Accomplishments that we're proud of

We’re proud of building a product that feels approachable despite working with dense academic data. Veros presents papers, review summaries, reviewer feedback, and ranking signals in a clean interface that is fast, responsive, and easy to move through. Instead of overwhelming users with raw review data, the site helps them quickly understand why a paper may be worth reading.

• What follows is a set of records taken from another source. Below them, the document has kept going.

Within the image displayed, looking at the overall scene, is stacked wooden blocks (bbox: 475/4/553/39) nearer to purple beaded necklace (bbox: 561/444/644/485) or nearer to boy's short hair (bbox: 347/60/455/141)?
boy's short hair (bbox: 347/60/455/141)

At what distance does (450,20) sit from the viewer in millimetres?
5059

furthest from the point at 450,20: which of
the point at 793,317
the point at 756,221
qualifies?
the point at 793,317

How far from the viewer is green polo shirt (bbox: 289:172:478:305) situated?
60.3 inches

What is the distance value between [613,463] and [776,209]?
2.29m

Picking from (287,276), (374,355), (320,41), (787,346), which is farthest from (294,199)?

We’re also proud of the ranking methodology behind the product. Review data varies widely across conferences, so we built a transparent scoring system that normalizes those differences and combines multiple signals, including reviewer ratings, confidence, consensus, acceptance status, and review volume. The result is a score that is easier to interpret while still being grounded in the underlying peer-review process.

What we learned

We learned how challenging it can be to work with messy real-world data, especially when review formats vary across papers and conferences. Parsing OpenReview data forced us to handle inconsistent fields, missing values, and different scoring systems.

We also learned a lot about performance optimization. As our dataset grew, we had to think carefully about database queries, background processing, caching/stored outputs, and how to keep the website responsive while working with thousands of papers.

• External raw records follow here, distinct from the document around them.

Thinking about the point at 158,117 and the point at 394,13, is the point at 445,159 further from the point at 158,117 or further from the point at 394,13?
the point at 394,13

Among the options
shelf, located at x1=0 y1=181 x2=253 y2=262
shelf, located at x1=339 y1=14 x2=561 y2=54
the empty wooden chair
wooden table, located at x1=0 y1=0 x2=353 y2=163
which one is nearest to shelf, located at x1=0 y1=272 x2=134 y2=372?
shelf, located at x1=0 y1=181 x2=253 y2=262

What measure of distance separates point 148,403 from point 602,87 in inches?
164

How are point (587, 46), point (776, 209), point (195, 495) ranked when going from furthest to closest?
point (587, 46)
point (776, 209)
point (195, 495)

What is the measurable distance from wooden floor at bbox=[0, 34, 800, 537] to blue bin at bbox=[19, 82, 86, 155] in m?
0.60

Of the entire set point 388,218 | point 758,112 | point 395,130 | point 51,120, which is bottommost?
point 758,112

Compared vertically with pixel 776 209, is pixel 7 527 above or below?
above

On the frontend, we learned how to turn dense academic review data into a clean user experience with readable summaries, intuitive navigation, and clear visualizations. We also gained experience with new frameworks and tools across the stack, including Next.js, FastAPI, PostgreSQL, Redis, Celery, and vector search.

What's next for Veros

Next, we want to expand Veros beyond its current dataset to cover a wider range of conferences, fields, and research topics. A broader corpus would make the platform more useful for researchers exploring unfamiliar areas or comparing work across domains.

We also hope to grow Veros into a centralized space where users can contribute their own perspectives on papers they have read, discuss emerging ideas, and surface useful context that may not appear in formal reviews alone.

Finally, we plan to continue refining our scoring methodology. As we add more venues and review formats, we want to make the Veros Score as fair, transparent, and unbiased as possible while preserving its grounding in real peer-review signals.